Could you reproduce, from the records below, everything from the line with "Miniatura 8 de" down to the line with "atocor gold 75mg/10mg/10mg", keeping both of those lines and changing nothing?

* _Data under study_:
⟨
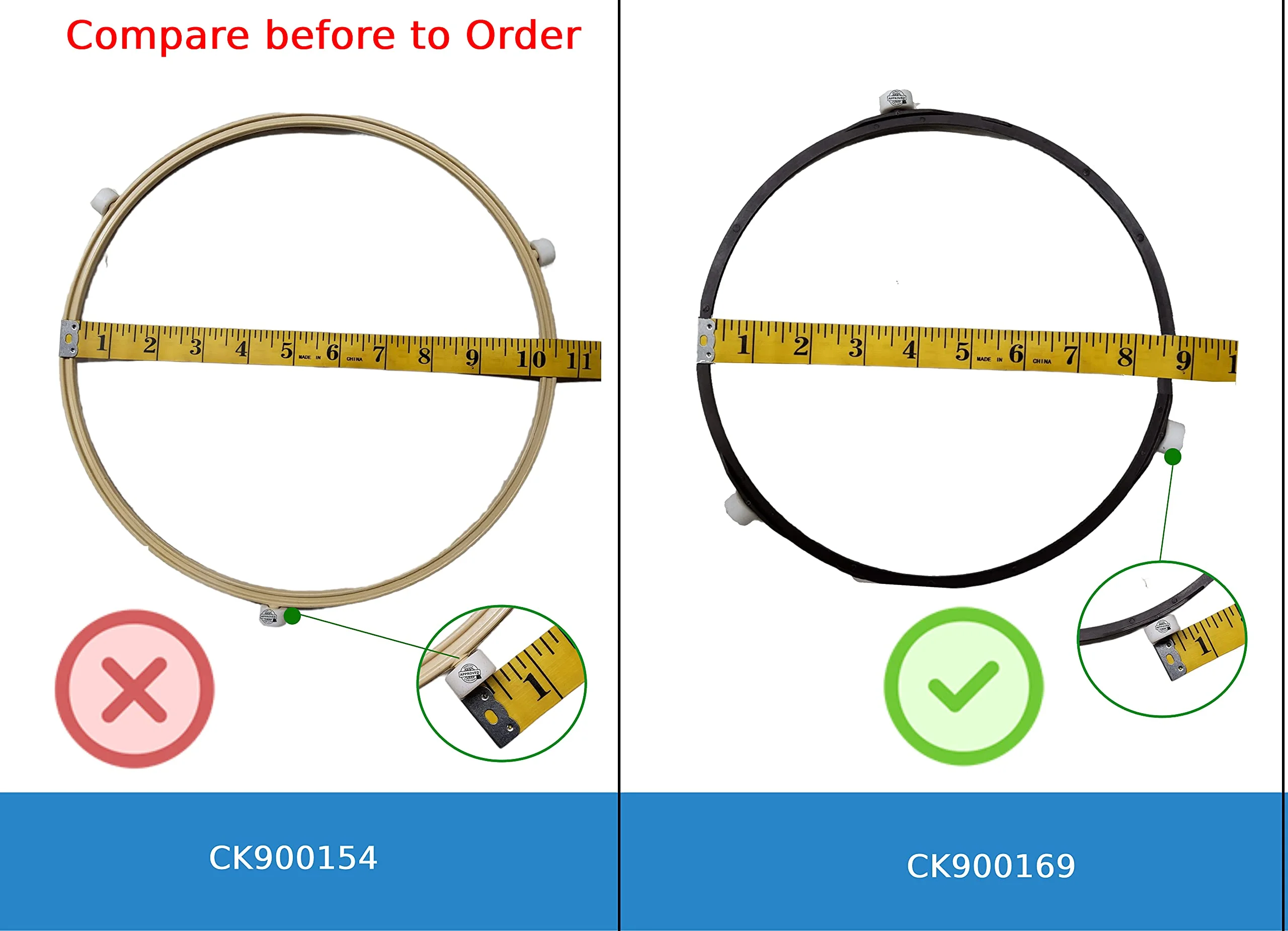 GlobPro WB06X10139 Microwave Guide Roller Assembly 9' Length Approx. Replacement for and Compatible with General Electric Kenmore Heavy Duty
⟩
⟨
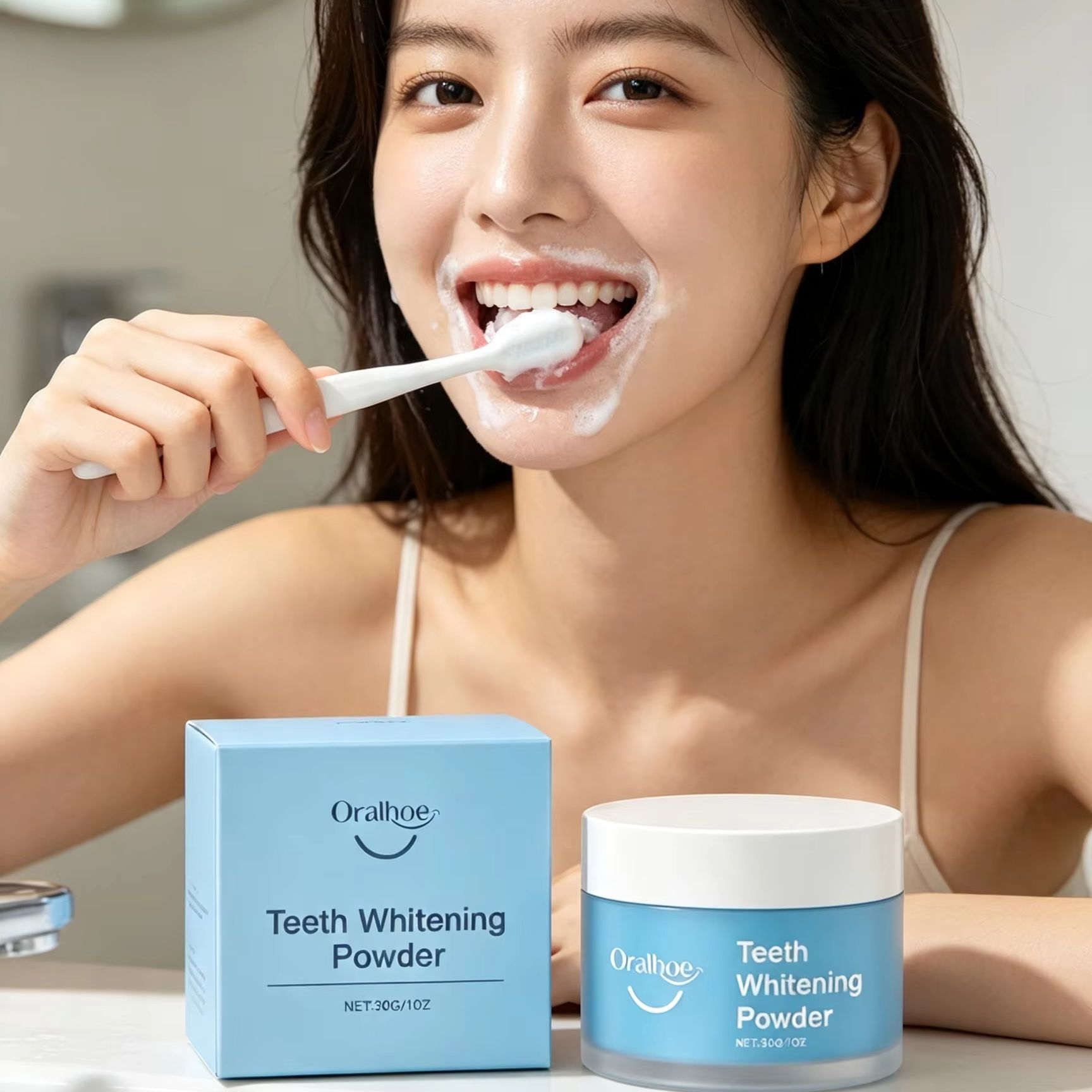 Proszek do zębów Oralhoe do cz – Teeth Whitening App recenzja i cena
⟩
⟨
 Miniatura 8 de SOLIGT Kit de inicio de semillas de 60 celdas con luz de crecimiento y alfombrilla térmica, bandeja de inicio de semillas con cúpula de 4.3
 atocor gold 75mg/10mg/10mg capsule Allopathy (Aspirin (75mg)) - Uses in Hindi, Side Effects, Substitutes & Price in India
⟩
* _Output of the exercise_:
 Miniatura 8 de SOLIGT Kit de inicio de semillas de 60 celdas con luz de crecimiento y alfombrilla térmica, bandeja de inicio de semillas con cúpula de 4.3
 atocor gold 75mg/10mg/10mg capsule Allopathy (Aspirin (75mg)) - Uses in Hindi, Side Effects, Substitutes & Price in India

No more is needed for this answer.